The problem of offshore tax havens cannot be solved by lowering the U.S.’s statutory corporate income tax rate (or even its effective corporate income tax rate). Corporate lobbyists claim that the U.S.’s relatively high tax rate is what drives companies to shift profits offshore and that lowering our rate is the answer. The reality is that reducing the U.S. rate is futile because it will never be as low as the rate of most tax havens (which is zero percent).

Nor can this problem be solved by adopting a “territorial” tax system. In fact, a territorial tax system would increase the incentives for abuse. If allowing deferral of U.S. taxes on foreign profits has already encouraged U.S. multinational corporations to shift profits offshore, then eliminating U.S. taxes on foreign profits would logically increase that incentive.3

The real solution is to eliminate the existing tax incentives to shift profits into tax havens — by repealing deferral.4 U.S. corporations would continue to receive a credit for any foreign taxes they pay, to ensure against double-taxation. But there would no longer be any tax incentive for U.S. corporations to shift profits to a country with a lower tax rate, because the IRS would simply require them to pay the difference between the U.S. tax rate and the foreign country’s tax rate (assuming the latter is lower).
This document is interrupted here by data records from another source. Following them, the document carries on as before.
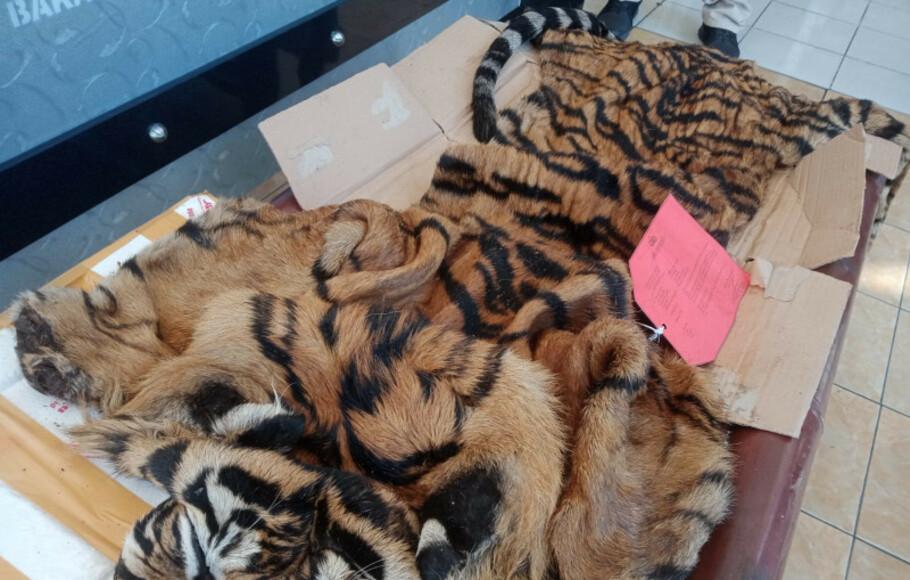 Petugas Polres Lampung Selatan gagalkan penyelundupan kulit harimau Sumatera. ANTARA/HO-Polres Lampung Selatan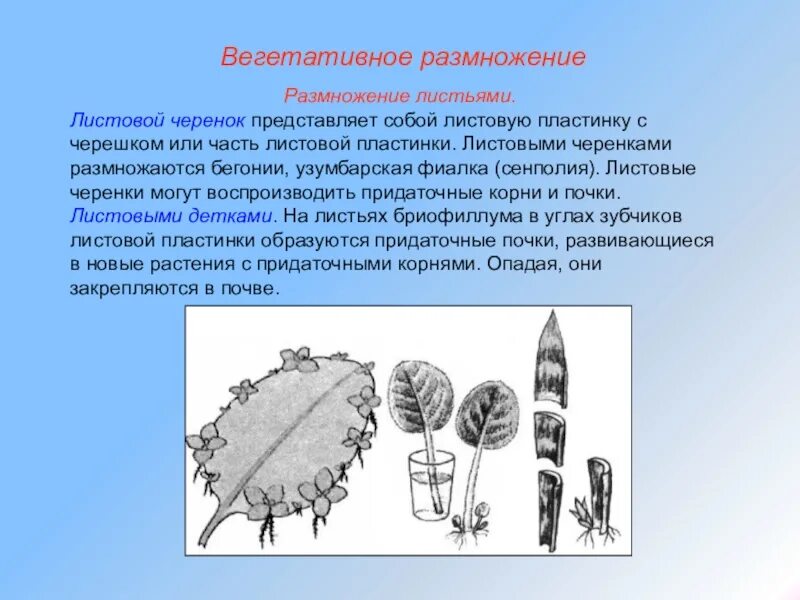 Вегетативное размножение бегонии. Размножение листовыми пластинками. Размножение листовой пластиной. Листовая пластинка и черенок. Черенкование листовой пластинкой.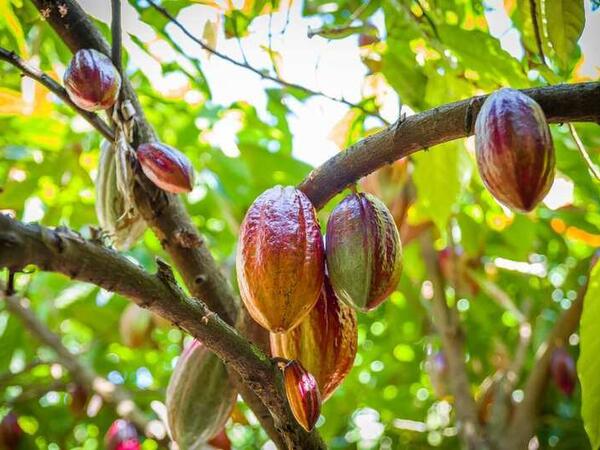 Giá ca cao tăng mạnh 5 phiên liên tiếp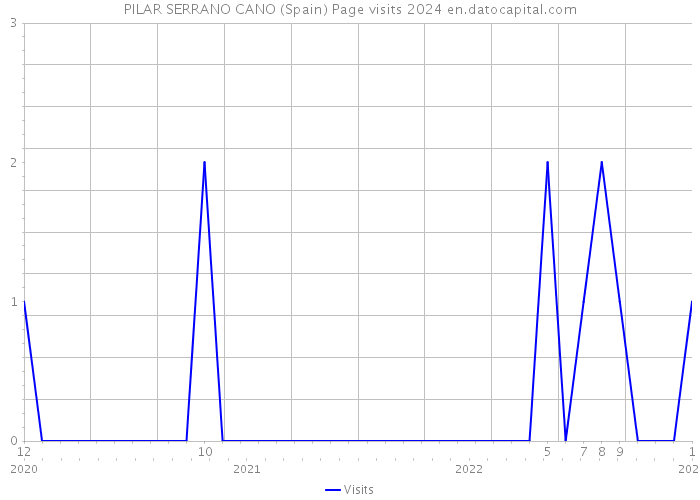 PILAR SERRANO CANO (Spain) Page visits 2024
In other words, a U.S. corporation would not benefit from pretending that most of its profits are earned by a post office box in the Cayman Islands. 


1- Citizens for Tax Justice, “Corporate Taxpayers & Corporate Tax Dodgers, 2008-2010,” November 3, 2011, page 10. http://ctj.org/corporatetaxdodgers/

2- Citizens for Tax Justice, “Which Fortune 500 Companies Are Sheltering Income in Overseas Tax Havens?” October 17, 2012. http://ctj.org/pdf/offshoreincome.pdf

3- For a fact sheet explaining these issues, see Citizens for Tax Justice, “Why Congress Should Reject A ‘Territorial’ System and a ‘Repatriation’ Amnesty: Both Proposals Would Remove Taxes on Corporations’ Offshore Profits,” October 19, 2011. http://www.ctj.org/pdf/corporateinternationalfactsheet.pdf For a report with more detail, see Citizens for Tax Justice, “Congress Should End ‘Deferral’ Rather than Adopt a ‘Territorial’ Tax System,” March 23, 2011. http://www.ctj.org/pdf/internationalcorptax2011.pdf

4- A bill before Congress that would repeal deferral is the Bipartisan Tax Fairness and Simplification Act of 2011, sponsored by Senators Ron Wyden (D-OR) and Dan Coats (R-IN). This bill could use significant improvements (for example, it does not generate sufficient revenue) but it would create a system in which U.S. corporations would receive no tax advantage from shifting jobs or profits offshore.